» Task instructions:
Leaving out all pictures, write out word for word the lines from the one containing "Wolgran Barbosa Antunes" to the end of the data below.
>>
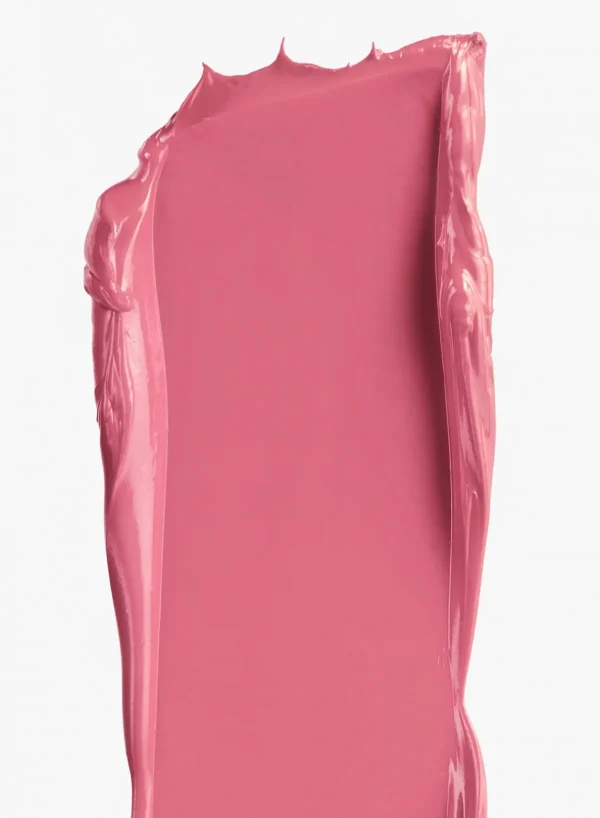 SUSAN BIJL All Over Colour - Dianthus< Make-Up
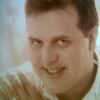 Wolgran Barbosa Antunes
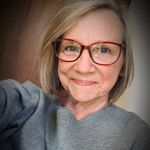 Barbara Fielden - @beefieldenfierce - Instagram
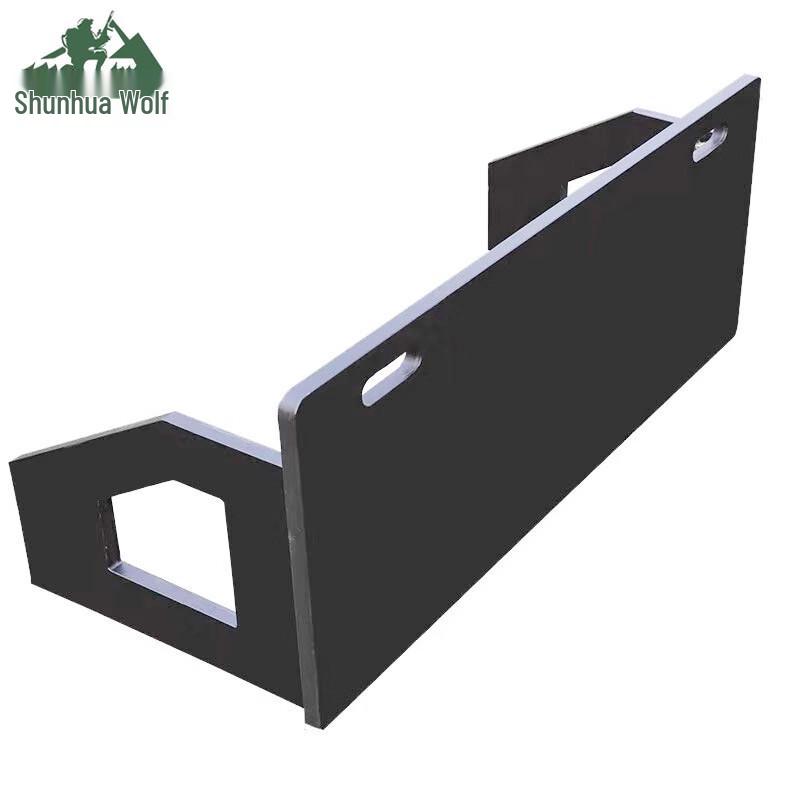 

Shunhualang Football Rebounder Board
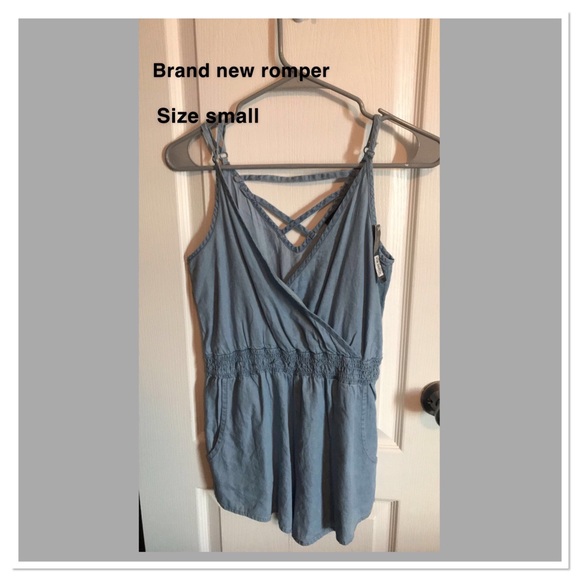 Closet bundle - Picture 7 of 8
<<
» Written response:
 Wolgran Barbosa Antunes
 Barbara Fielden - @beefieldenfierce - Instagram

Shunhualang Football Rebounder Board
 Closet bundle - Picture 7 of 8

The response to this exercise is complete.